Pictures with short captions
'''

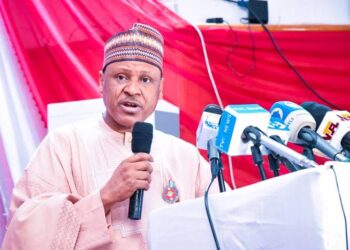 Why Tinubu’s administration introduced NELFUND – Information minister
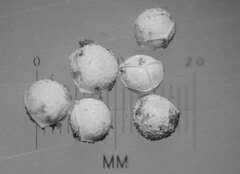 Isoetes occidentalis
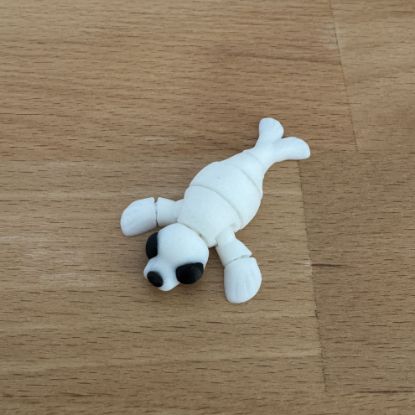 Hareketli Fok Balığı resmi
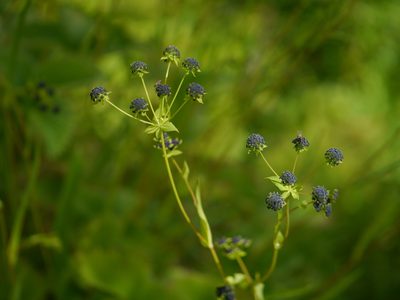 Bupleurum candollei, photographed by Dinesh Valke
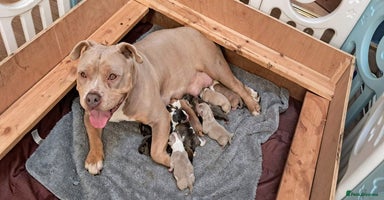 American Bully dogs - Advert 13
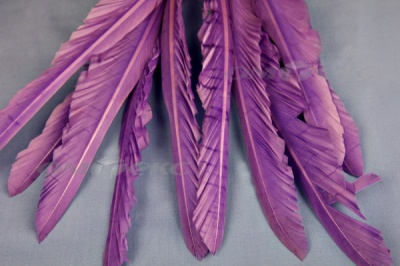 Декоративный Пучок из перьев, перо 25см/фиолетовый - купить в Барнауле. Цена: 12.19 руб.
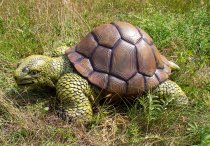 Turtle (XL) h=35cm l=85cm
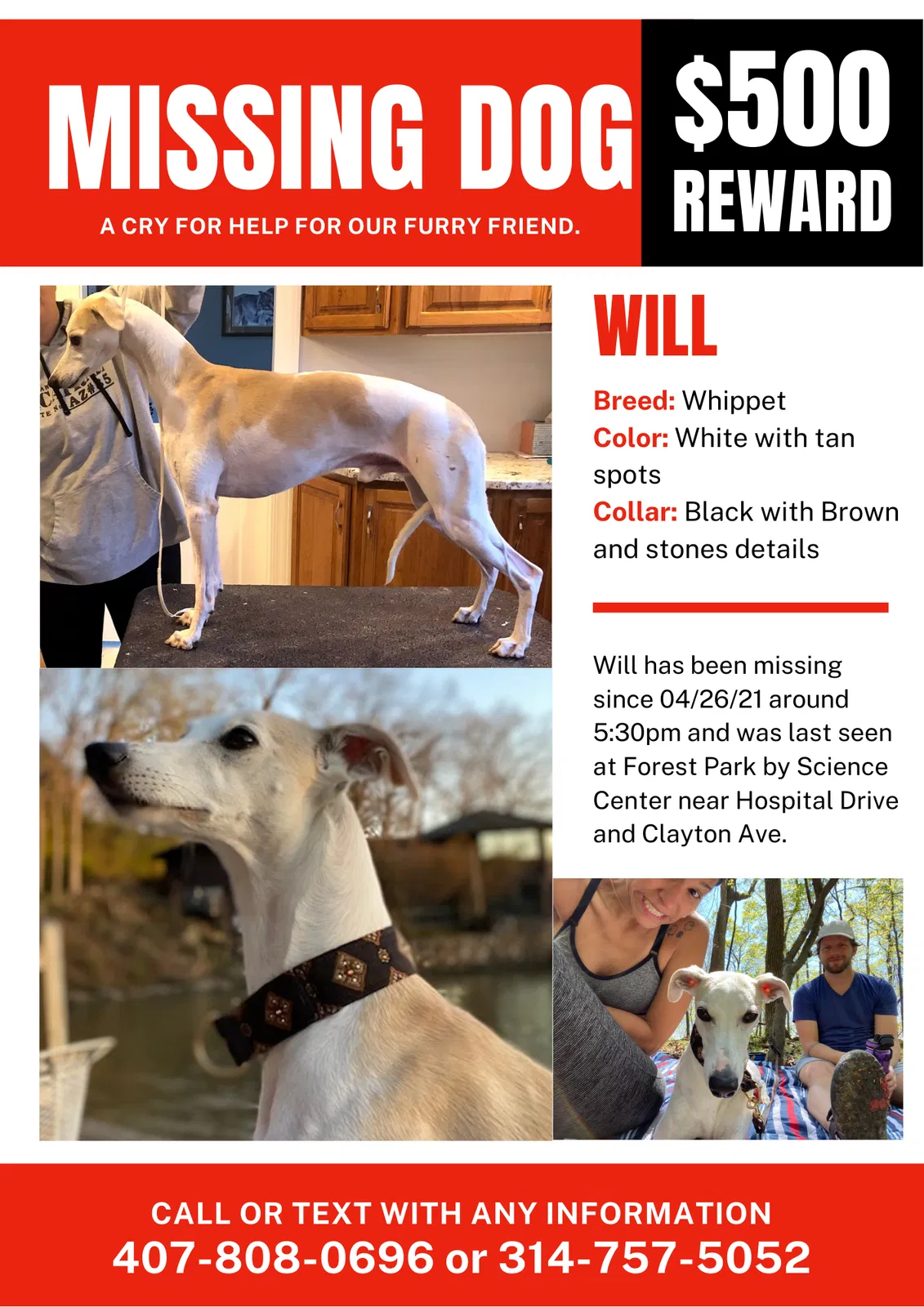 Lost dog in Saint Louis, MO, 63110
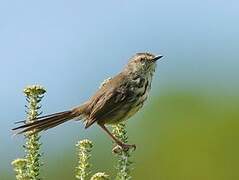 Karoo Prinia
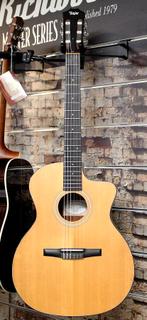 Taylor 114CE-N Nylon Gitaar met Element en Gigbag Occasion, Muziek en Instrumenten, Ophalen of Verzenden, Zo goed als nieuw, Klassieke of Spaanse gitaar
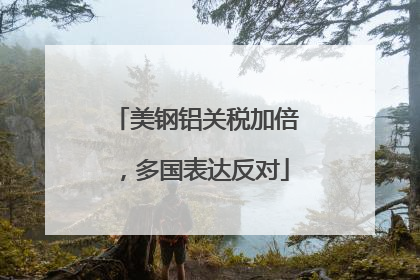 美钢铝关税加倍，多国表达反对
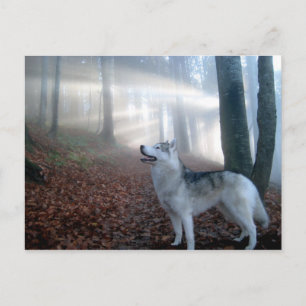 Siberian Husky - Postkarte Postcard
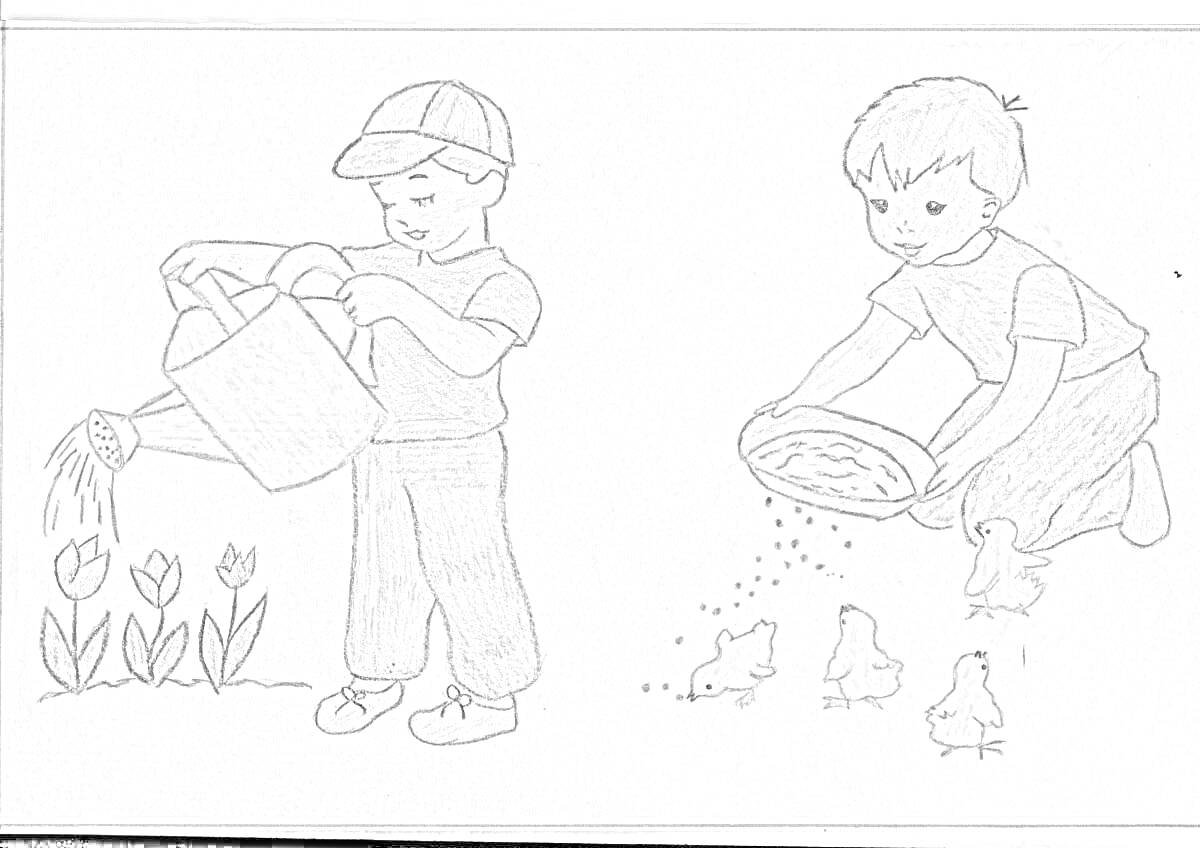 На раскраске изображено: Мальчик, Лейка, Цветы, Цыплята, Кормить, Земля, Зерна, Одежда, Помощь, Природа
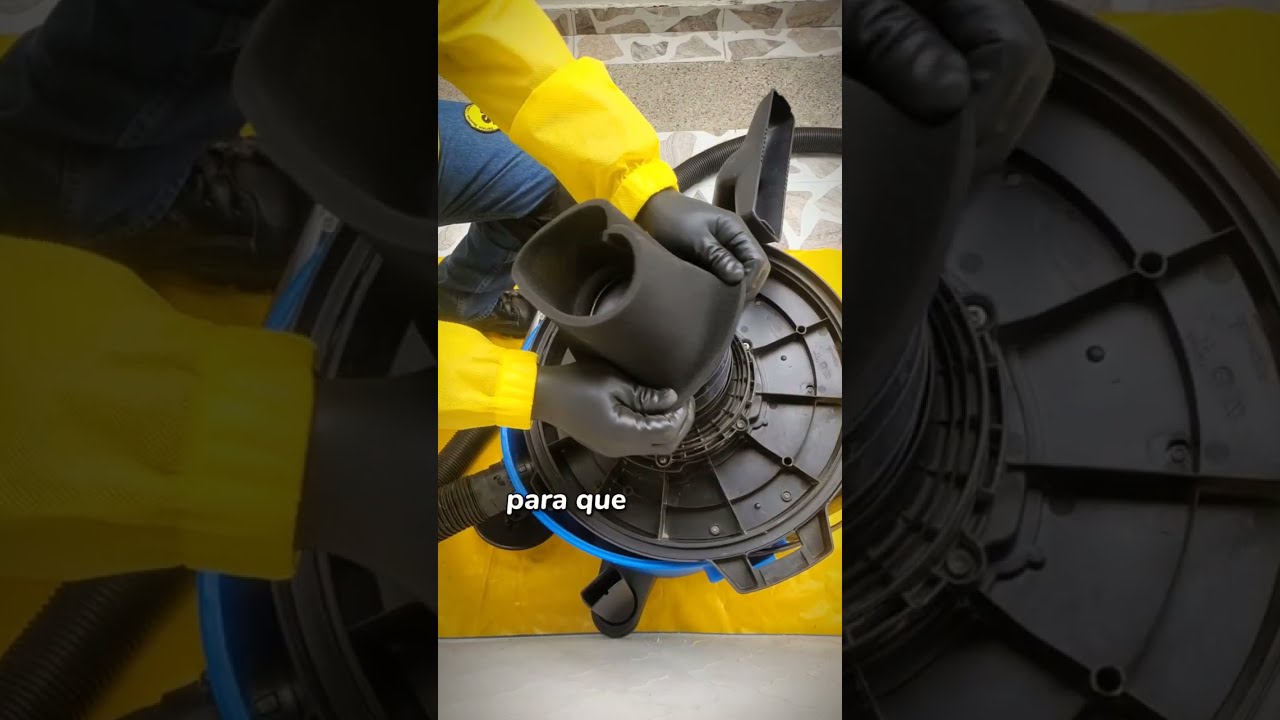 ¡NO laves sin esto! Cómo usar los FILTROS en aspiradoras para tapizados - Service Muebles ®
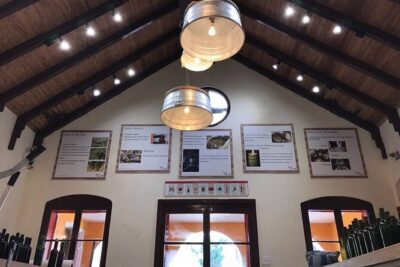 Wine Maker Class at Bahama Barrels
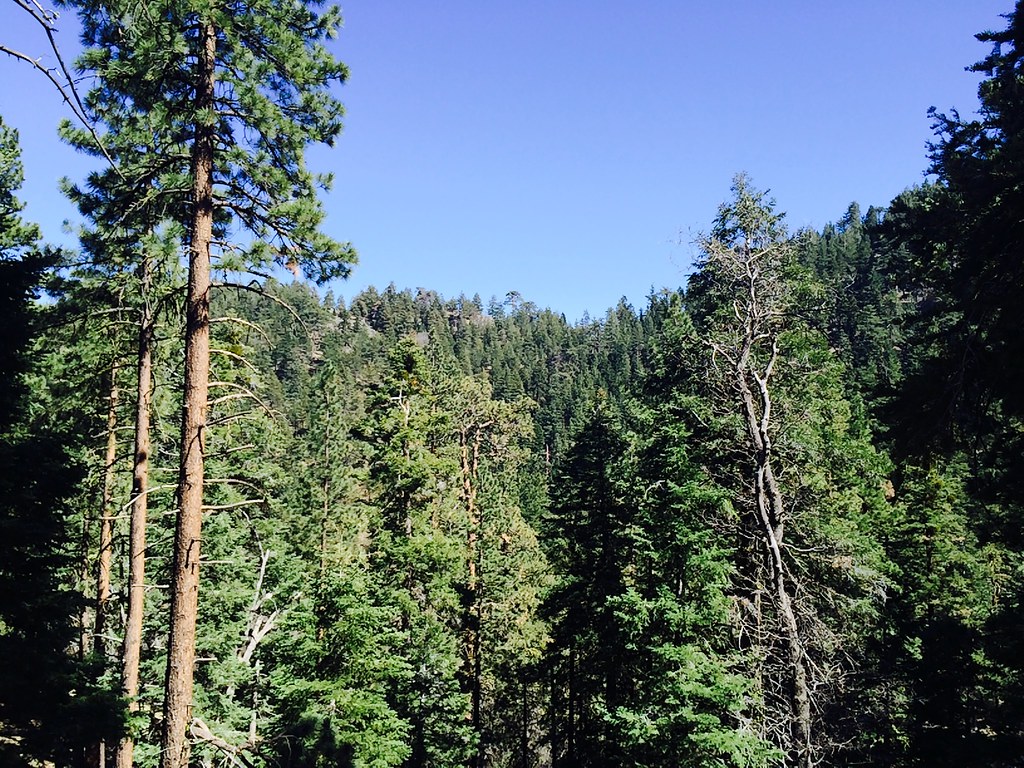 On Tehachapi Mountain Christine Warner Flickr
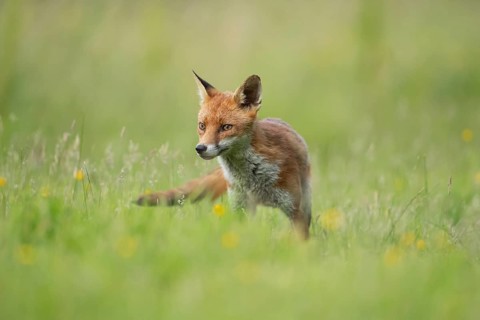 Red fox (Vulpes vulpes) adult animal in a countryside meadow in summer, England, United Kingdom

'''

**TASK PROMPT:** Starting at the line containing "Декоративный Пучок из" and stopping at the line containing "Taylor 114CE-N Nylon", output each line exactly as it appears above. Leave out the pictures.

**RESPONSE BOX:**
 Декоративный Пучок из перьев, перо 25см/фиолетовый - купить в Барнауле. Цена: 12.19 руб.
 Turtle (XL) h=35cm l=85cm
 Lost dog in Saint Louis, MO, 63110
 Karoo Prinia
 Taylor 114CE-N Nylon Gitaar met Element en Gigbag Occasion, Muziek en Instrumenten, Ophalen of Verzenden, Zo goed als nieuw, Klassieke of Spaanse gitaar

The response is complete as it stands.